Thursday, December 2, 2010

Lewis & Clark Heritage Trail Discussion December 6th

Lewis and Clark National Heritage Trail Extension East of the Mississippi

Meeting with the National Park Service

Special Resources Study Team

Monday, December 6, 2010, 5:00-7:00 PM

Elizabeth Senior Citizen’s Center

206 3rd St. (Corner of 3rd and Plum St.)

Elizabeth, PA 15037

Elizabeth is easily reached by PA Route 51.

Please visit http://parkplanning.nps.gov/easternlegacy-srs for a list of all the National Park Service Public Meetings and a newsletter regarding the Eastern Legacy Special Resource Study. Please visit http://tiny.cc/cto2q to answer these questions online.

The National Park Service Special Resources Study Team conducting the Lewis and Clark Heritage Trail (LCNHT) Eastern Legacy Study has selected the LCHNT Monongahela River Chapter over larger demographics to hold an investigational meeting, on December 6, 2010, to gathering public opinion.

It is extremely important that each member of the Lewis & Clark Trail Heritage Foundation and our friends provide comments concerning this great opportunity. This is your time to make your feelings known, through a report to be sent to Congress. The Extension East will be beneficial to the entire Nation as well as a particular boon to our region.

A great Nation deserves great trails. Please consider these benefits relative to the completion of  the LCNHT. A completed sea-to-sea trail will tell the full story, including the pre-exploration phase of planning, provisioning and staffing for the expedition. The post exploration phase will explain discoveries made during the epoch journey as they were reported to President Thomas Jefferson and the Nation. Other historical events in our Nation’s history are interpreted through the cause-event effect on our history and the same should be done with the Lewis & Clark story.

The educational benefits, especially east of the Mississippi River, will be greatly improved in classroom or out-of-doors settings. There is nothing like the NPS-LCNHT “Two Captains Pointing the Way” Signs to attract the attention of children and adults. This is another resource for teachers in the east, just as it has been in the west for many years. All tools should be made available to enlighten and motivate students of all ages about their history and legacy. Scholars during the last 20 years have found new primary source documents and collections that shed new light on the full story of the Lewis & Clark expedition. It is now time to complete the LCNHT so that everyone can learn the lessons of perseverance, determination, shared responsibility, and respect for their fellowman of all cultures as experienced during the expedition.

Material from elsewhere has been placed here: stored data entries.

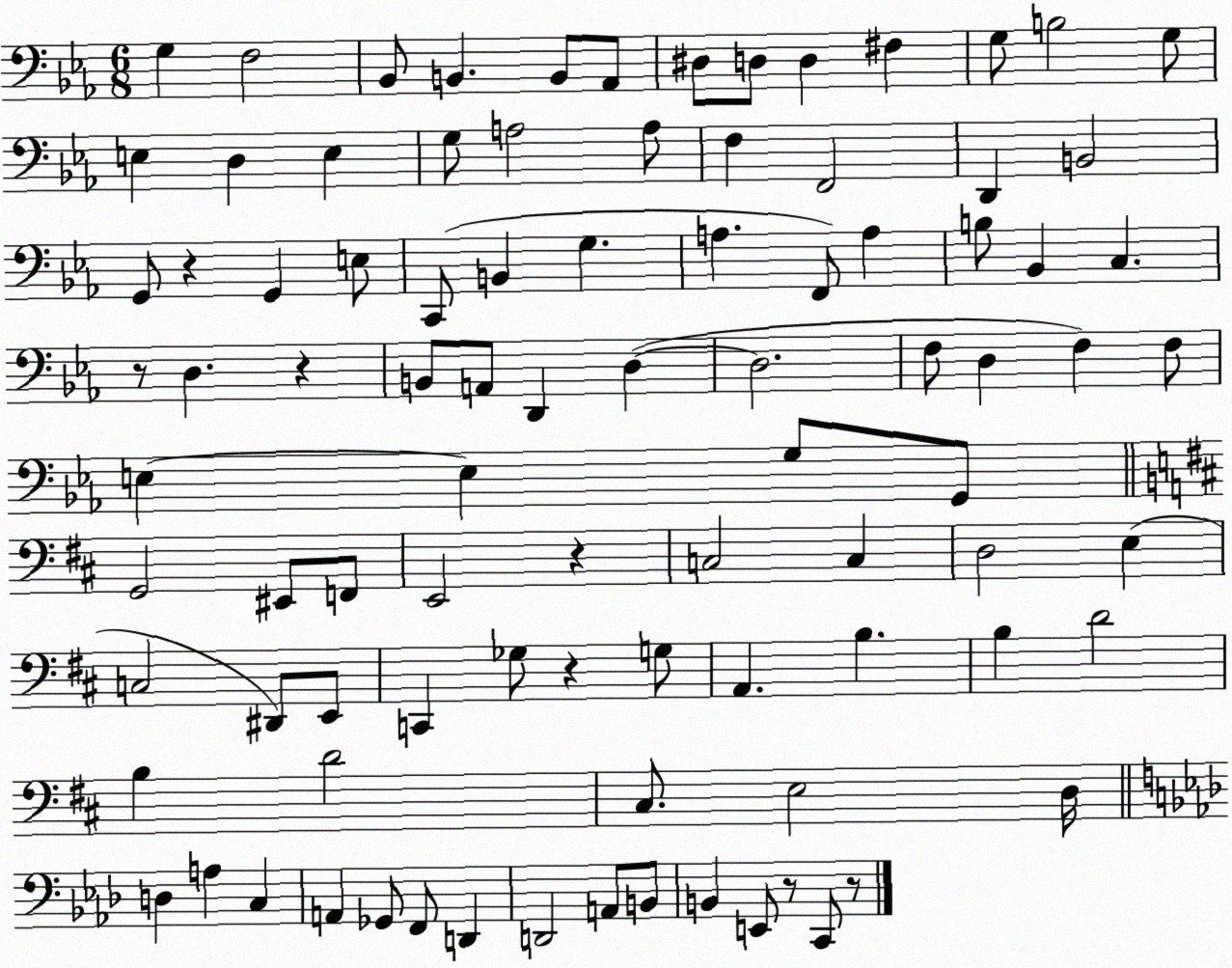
X:1
T:Untitled
M:6/8
L:1/4
K:Eb
G, F,2 _B,,/2 B,, B,,/2 _A,,/2 ^D,/2 D,/2 D, ^F, G,/2 B,2 G,/2 E, D, E, G,/2 A,2 A,/2 F, F,,2 D,, B,,2 G,,/2 z G,, E,/2 C,,/2 B,, G, A, F,,/2 A, B,/2 _B,, C, z/2 D, z B,,/2 A,,/2 D,, D, D,2 F,/2 D, F, F,/2 E, E, G,/2 G,,/2 G,,2 ^E,,/2 F,,/2 E,,2 z C,2 C, D,2 E, C,2 ^D,,/2 E,,/2 C,, _G,/2 z G,/2 A,, B, B, D2 B, D2 ^C,/2 E,2 D,/4 D, A, C, A,, _G,,/2 F,,/2 D,, D,,2 A,,/2 B,,/2 B,, E,,/2 z/2 C,,/2 z/2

Tourism will be enhanced because of those same “Two Captains” signs through increased communications, publications, and opportunities for volunteers of all ages. A completed trail will be a truly continental trail that leads easterners to see the beautiful western country and western citizens will be enticed to travel east to see original historic building like Monticello, Charlottesville, VA and Historic Locust Grove, Louisville, KY or the White House at 1600 Pennsylvania Avenue, Washington DC. These are homes visited by Meriwether Lewis, William Clark and other members of the expedition including York and the Tribal delegations that visited Thomas Jefferson as diplomats from their respective Nations. All of these homes are connected by beautiful vistas along rivers and highways.  While traveling the trail in the east, everyone should take advantage of the opportunity to see original documents or material collected during the exploration of the west, including the original hand written Journals of the Lewis & Clark Expedition housed in the American Philosophical Society in Philadelphia, PA.

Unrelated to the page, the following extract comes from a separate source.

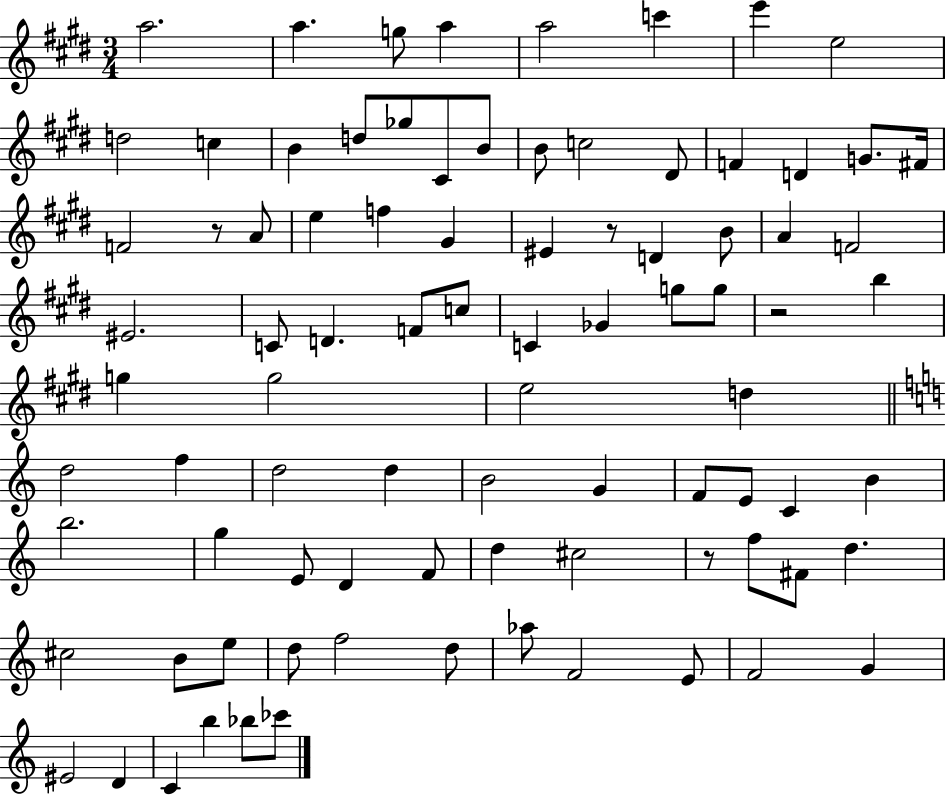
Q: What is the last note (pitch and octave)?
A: CES6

The health benefits of a trail experience are entwined in points 2 and 3 but have a major impact on all of us. Hiking, canoeing, geocaching or any kinds of out-of-doors experience is beneficial to a healthy life style. A good brisk 30-minute walk or even better, a ½ day hike/bike along a segment of the trail, in the city or countryside, is good for the mind and body. At this time when our country is struggling with health issues of great magnitude, the trails, especially the LCNHT, need to be available to the entire population of our Nation from coast to coast.

The Lewis & Clark Trail Heritage Foundation http://www.lewisandclark.org/ sees this as not an effort to start a new trail but to complete the trail advanced since 1969, pre-dating the Congressional designated Lewis & Clark National Historic Trail by nearly 10 years, as an outgrowth of the Lewis & Clark Commission (1965). The Foundation has been involved in trail improvements and education from day one, and advances NPS efforts.

A great Nation deserves great trails.

Please join in providing comments relative to completion of the LCNHT.